Maqbarat-o-shoara (Persian: مقبرةالشعرا) or the Mausoleum of Poets (Persian:  Mazār-e Shāerān or  Mazār-e Sorāyandegān) is a Maqbara (graveyard) belonging to classical and contemporary poets, mystics and other notable people, located in the Surkhab district of Tabriz in Iran.
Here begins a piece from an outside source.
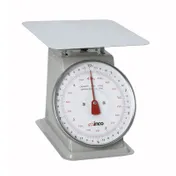 Winco SCAL-810 8" Dial 10 Lb. Portion Scale - 9-3/5" Steel Platform, 10-29 lb Capacity, Sloped Dial, Painted 1 image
It was built by Tahmaseb Dolatshahi in the mid-1970s while he was the Secretary of Arts and Cultures of East Azarbaijan.

On the east side of Sayyed Hamzeh's grave and Ghaem Magham's grave, there is a graveyard containing the graves of important poets, mystics, scientists and well-known people of Tabriz. The Mausoleum was first mentioned by the medieval historian Hamdollah Mostowfi in his Nozhat ol-Gholub.  Hamdollah mentions it being located in what, at the time, was the Surkhab district of Tabriz. 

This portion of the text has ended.